I'm doing some exercises in probability on the markov chains, there is a task that I don't really understand the meaning of but I think it is very important to move on.
It is as follows:
Let $P$ be a stochastic matrix on $E$ (at most countable), $\mathcal{v}(x,A) = \sum_{y \in A}P(x,y)$ defines a Markov kernel from $E$ in $E$. Let $(X_n)$ be a markov chain of transition $P$. Note that $P_l : = P^l$ for $l \geq 1$ is a well defined stochastic matrix and that $(X_{nl})_{n \geq 1}$ is also a Markov chain with $P_l$ as its transition matrix.
Until here I understand everything even if I do not really understand why this is important.
Now let $X_0 \sim \mu$, show that $\forall f: E \to \mathbb{R}$, $$ \mathbb{E}_\mu(f(X_n)) = \mu P^n f, $$ where $\mu$ is a ligne vector and $f$ a column vector.
Already this I don't really understand, what's the purpose of it?
Show that $P$ has $1$ as eigenvalue.
If we have showed this.
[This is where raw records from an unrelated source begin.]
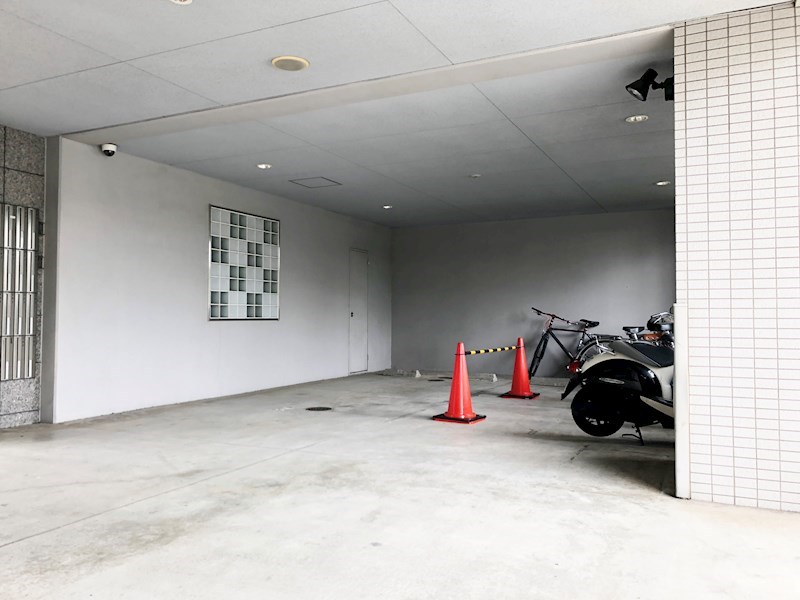 ミコノス山王 駐輪場　屋内バイク置場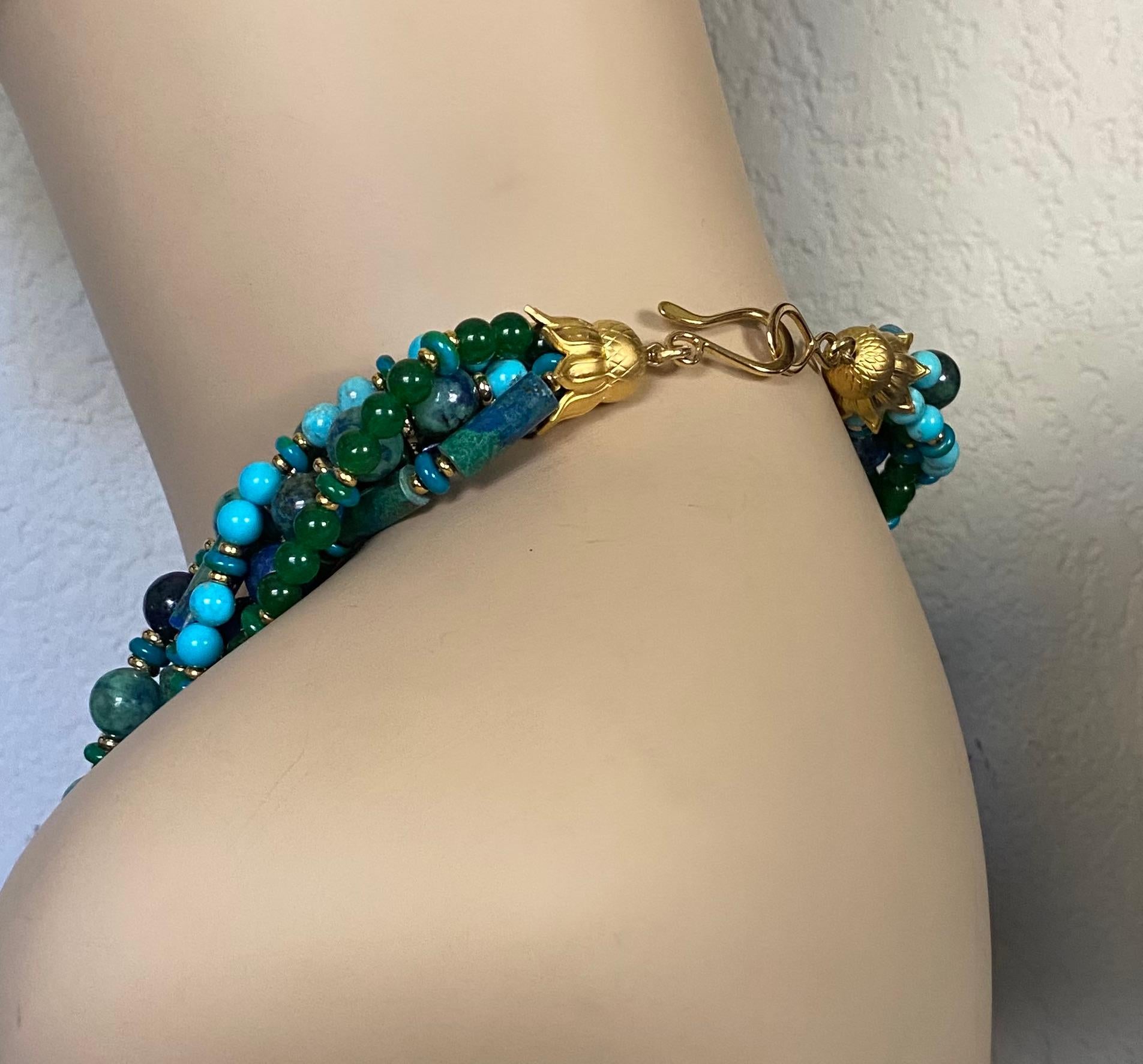 Michael Kneebone Anello degli arcieri in giadeite Collana di perle miste a torsione in vendita 1
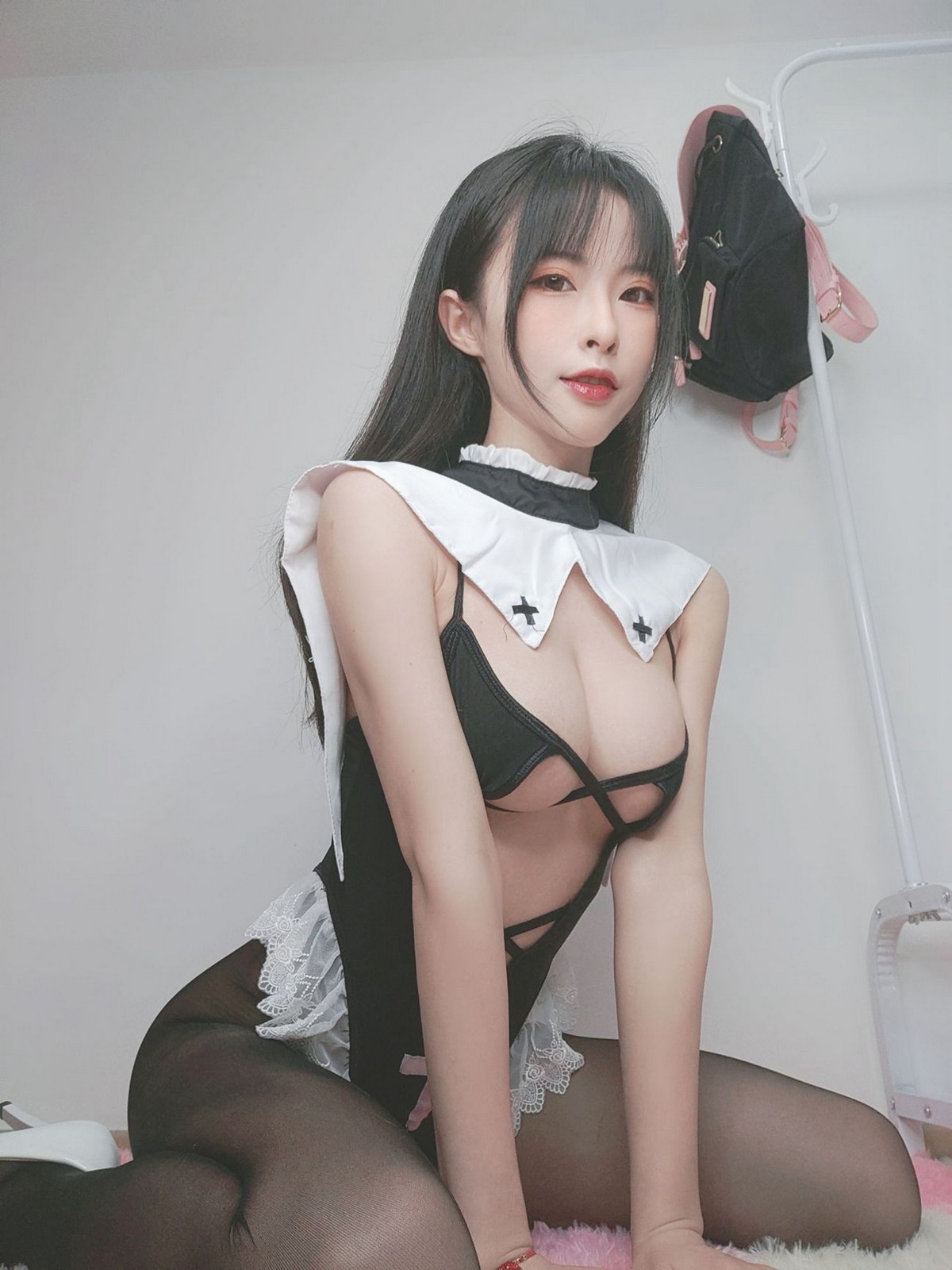 Xgyw.Net_性感尤物清水由乃黑丝修女主题私房性感黑色连体衣配超薄黑丝秀美腿诱惑写真29P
What can we conclude from this?
From here we suppose that $P$ is symmetric and $E$ finite, show that $\lambda_1 = 1$ is the largest eigenvalue. Suppose that $\lambda_2$ is the second largest eigenvalue, is $\lambda_2 < 1$.
I just want to make it clear that I have the solutions of most of it but I don't understand the meaning of the task although I think there is much more to it than just calculating some eigenvalues.
Read the introduction of standard books on the subject, such as [1] or [2] or [3], to understand the motivation.
[1] James Robert Norris. Markov chains. Cambridge university press, 1998.
[2] Levin, David A., and Yuval Peres. Markov chains and mixing times. Vol. 107. American Mathematical Soc., 2017. https://yuvalperes.com/markov-chains-and-mixing-times-2/
[3] Brémaud, Pierre. Markov chains: Gibbs fields, Monte Carlo simulation, and queues. Vol. 31. Springer Science & Business Media, 2013.